Long admired in the cat collecting sphere, Wain’s popular profile has grown with the 2021 movie The Electric Life of Louis Wain. Benedict Cumberbatch played the role of the troubled genius who did much to amuse Victorian and Edwardian Britain and normalise the ownership of cats as pets.
The Kinghams collection focused on Wain’s avant-garde ceramics rather than his paintings and drawings. These included eight of the desirable Futurist or Cubist cats created at a time when the Futurism movement was burning at its brightest. One of these makes a brief appearance in the 2021 film.

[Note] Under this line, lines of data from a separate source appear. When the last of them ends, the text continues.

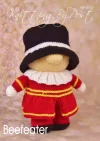 Beefeater toy knitting pattern. Knitted figure representing a Beefeater guard, wearing a red tunic, black hat, and white ruff, approximately 25cm tall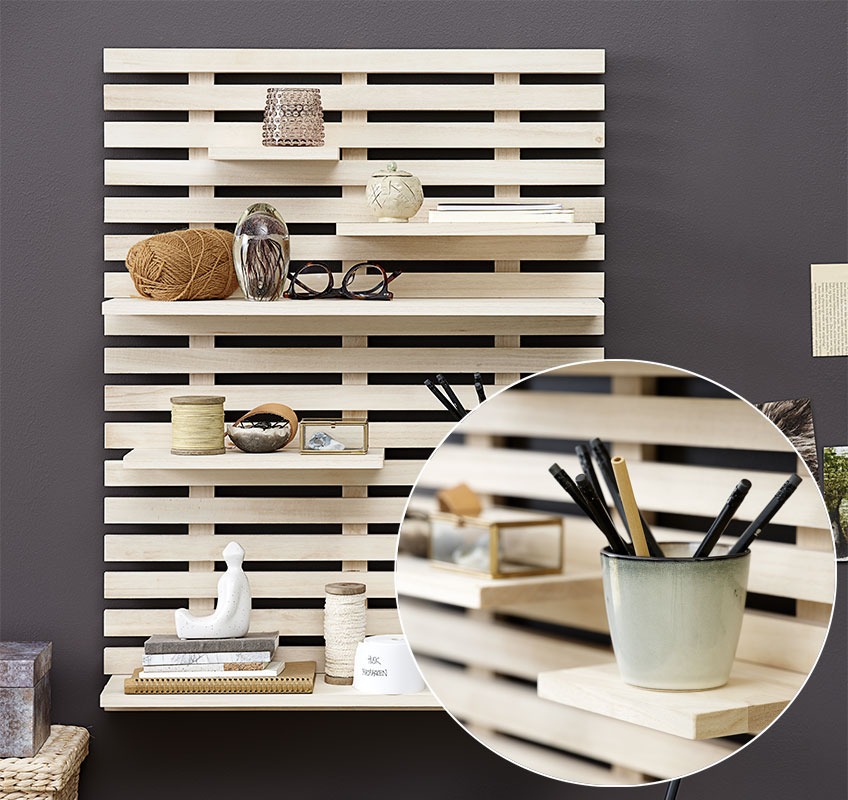 KETTINGE wall shelf with 6 smaller shelves in different sizes Wall mounted shelf with stationery, notebooks, and candleholders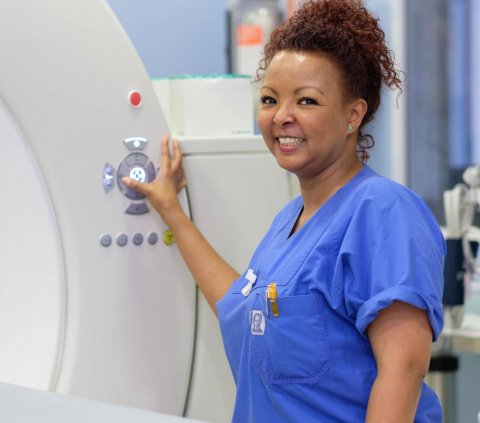 woman operating MRI scanner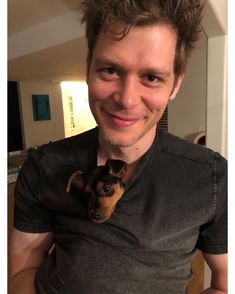 a man is holding a small dog in his lap and smiling at the camera,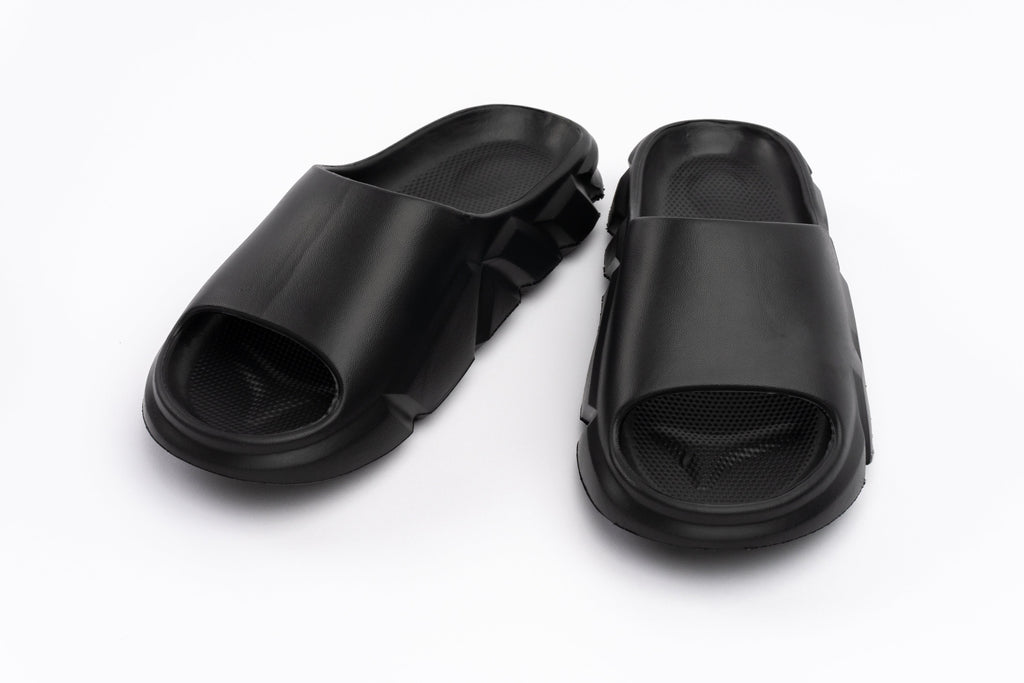 Pair of black slides on a white background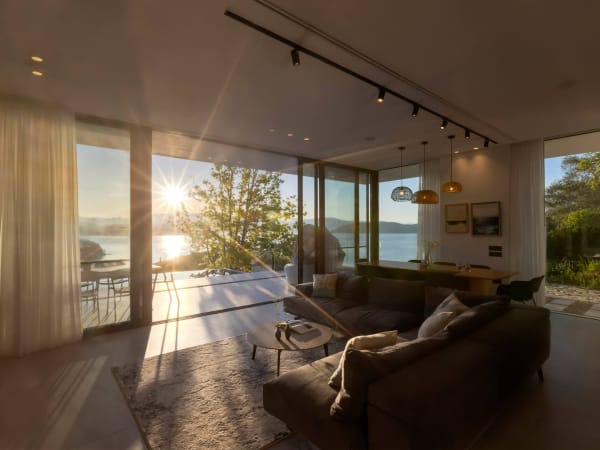 The luminous communal space with its wall of sliding glass doors and sea views.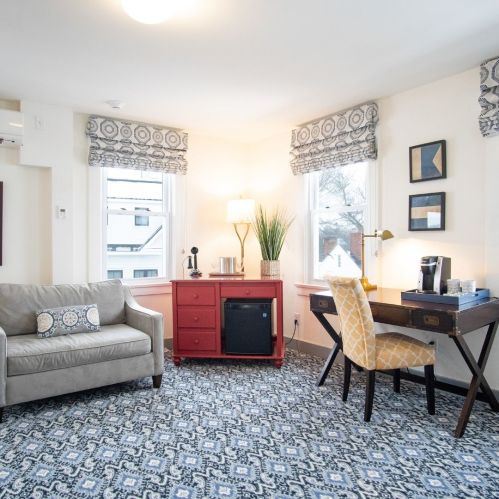 Cozy room featuring a gray sofa, red cabinet, desk with chair, and large windows with patterned curtains.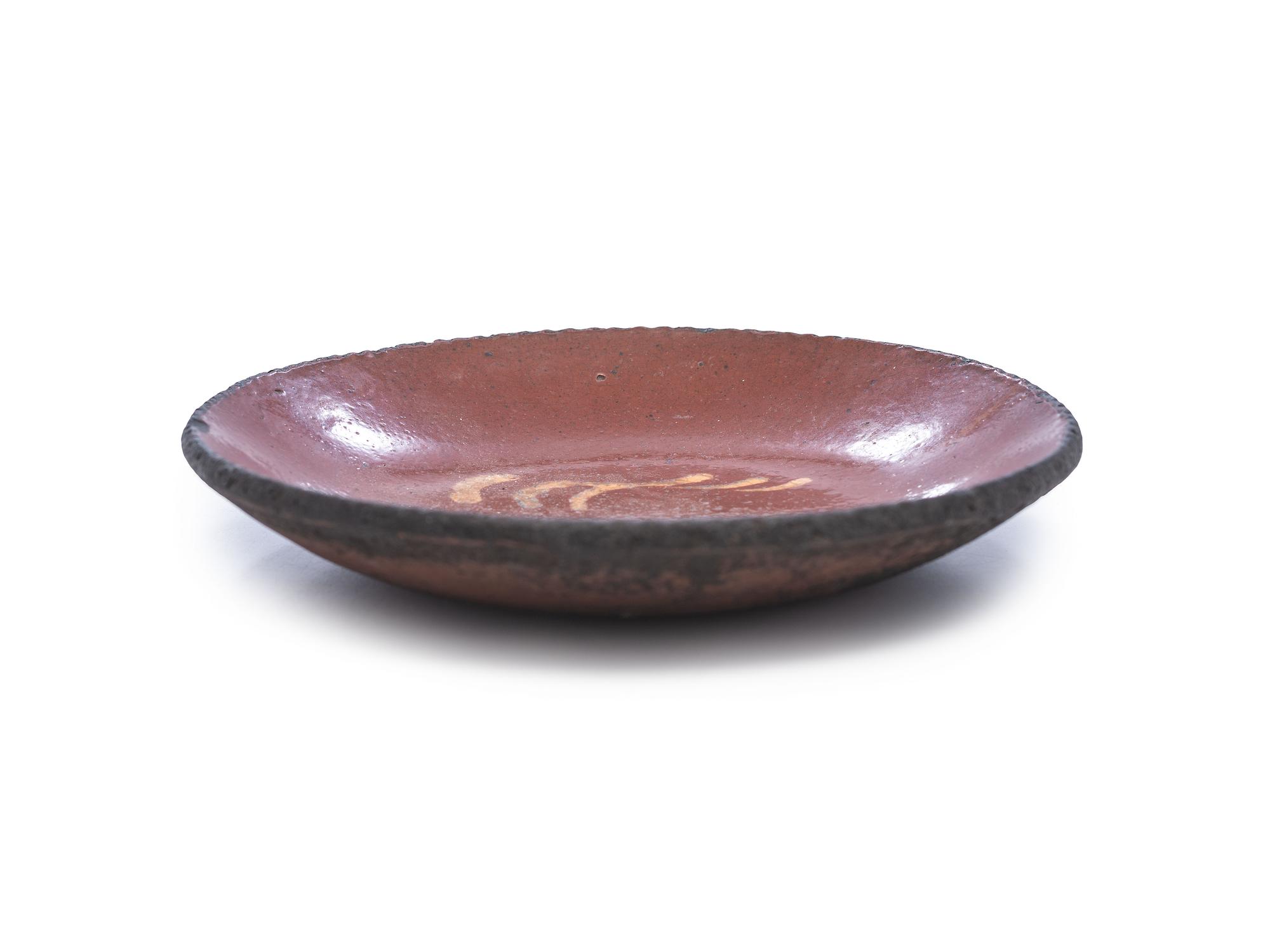 A Redware Slip Glazed Plate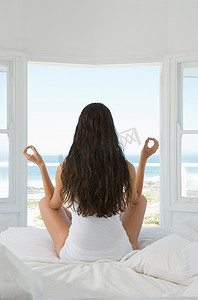 瑜伽姿势的女性坐在床上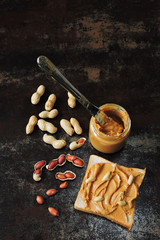 Peanut butter in a jar. Peanut Butter Toast Peanuts in the shell. Energy breakfast concept. Vegan snack.
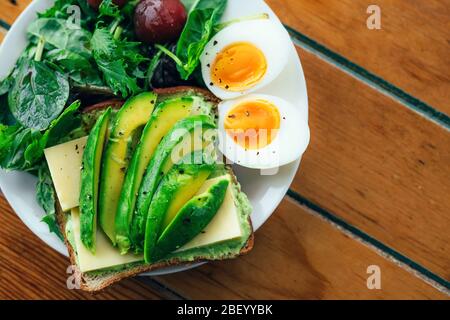 Toast con avocado, uova bollite, spinaci e pomodori su piatto bianco con coltello e forchetta su serviette e rustico sfondo in legno.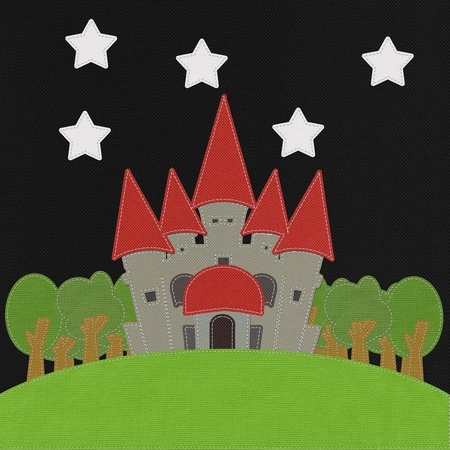 Fairy-tale castle on a green field with stitch style on fabric backgroundの写真素材
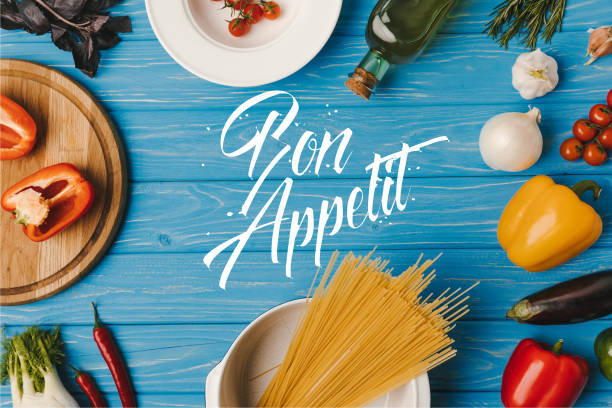vista dall'alto di pasta cruda e verdure su tavola blu, scritte bon appetit - bon appetite foto e immagini stock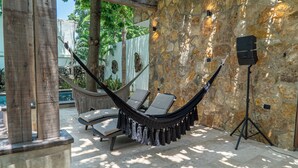Un fauteuil suspendu, des chaises longues et un haut-parleur dans un espace extérieur dont les murs sont en pierre.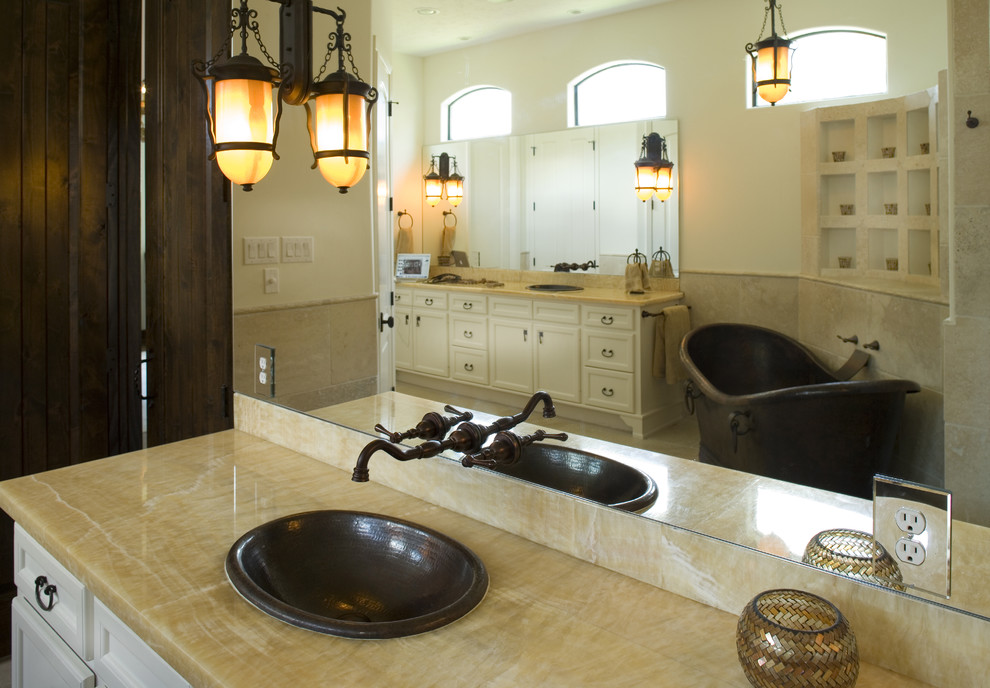 Example of a tuscan freestanding bathtub design in Houston with solid surface countertops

These characters were first exhibited in 1914 as part of a menagerie of geometric animals which numbered nine cats, a pig, and a dog. Wain gave them names such as the Lucky Futurist Cat or the Lucky Haw Haw Cat.
None were produced in any great quantity. They were made in Europe and in England during two periods of production either side of the First World War. Famously, a shipment carrying some of the early output to the US was torpedoed by a German U-boat.
The current auction record for a Louis Wain ceramic is the £8500 ($10,400) bid at Kinghams in May 2022 for a Lucky Mascot Cat. This large-scale 12in (30cm) vase made by the Amphora factory c.1919 is modelled sitting upright with the ‘meow meow’ musical notes common to many of Wain’s cats moulded to the body.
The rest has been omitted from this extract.